Fucking Hostile", alors que "Through the Glass" lorgne vers "Rise".
-Ça change...
-"Bleed the Crown" ressemble à du
Testament avec un Chuck Billy assez crédible. Parfois, les mecs font des mix : "The Age of Disinformation", c'est
Exodus qui fait une brève incursion melodeath tandis que "Childhood's End" débute comme du
Kreator eighties, continue sur une accélération à la
Anthrax/
Nuclear Assault avant que les gars lâchent un refrain en voix claire à la
Metallica période
Load.
-C'est varié, au moins.
-Détrompe-toi. Les références ne brillent guère par leur diversité... Sur "Into the Well", l'attaque en médium et le motif un poil plus mélodique que d'habitude avec guitares harmonisées font croire en conclusion à quelque chose de différent. Puis le tabassage et les digressions reprennent le dessus.
-Ils ont l'air agressifs, tes gus.
-Ce ne sont pas les derniers pour la baston, c'est sûr. Ils font ça proprement. Mais sans aucune originalité.

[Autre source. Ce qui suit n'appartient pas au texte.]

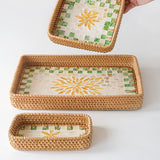 Maxbell 3 Pieces Rattan Storage Basket Set Rustic Gift for Coffee Table Home Kitchen Yellow leaves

-Comment ont-ils appelé leur méfait ?
-
Angelus Apatrida.
-L'imagination au pouvoir...
-Alors, Eve, tu trouves toujours que c'est la « classe », Angelus Apatrida ?
-Je suis un chouïa moins emballée, je dois l'admettre. Néanmoins, ces brutes retro font du boulot correct.
-Si le thrash se résume à une succession métronomique d'uppercuts au foie et de coups de boule dans le pif, pas de doute, les quatre d'Albacete sont les hommes de la situation. Tu me permettras tout de même de trouver le mode opératoire un brin répétitif.
-La diversité n'est pas leur marque de fabrique, on est d'accord. A contrario, quand il s'agit de reproduire les schémas inventés jadis par les grands maîtres, ils n'ont pas beaucoup d'adversaires.
-« Jadis » ? « A contrario » ? Qu'est-ce qui t'arrive, Eve ? Tu apprends l'italien, maintenant ? Non, attends : tu as lu un livre !
-Je révise pour les concours, je ne vais pas rester toute ma vie à pondre des rapports sur des thrasheurs rasta, nom d'un bend ! Pour me réacclimater à la lecture, j'ai commencé avec un recueil des textes de Pain of Salvation...
-Ouh là là, tu prends vite la confiance, toi.
-Tu as raison, je vais plutôt me mettre à l'italien.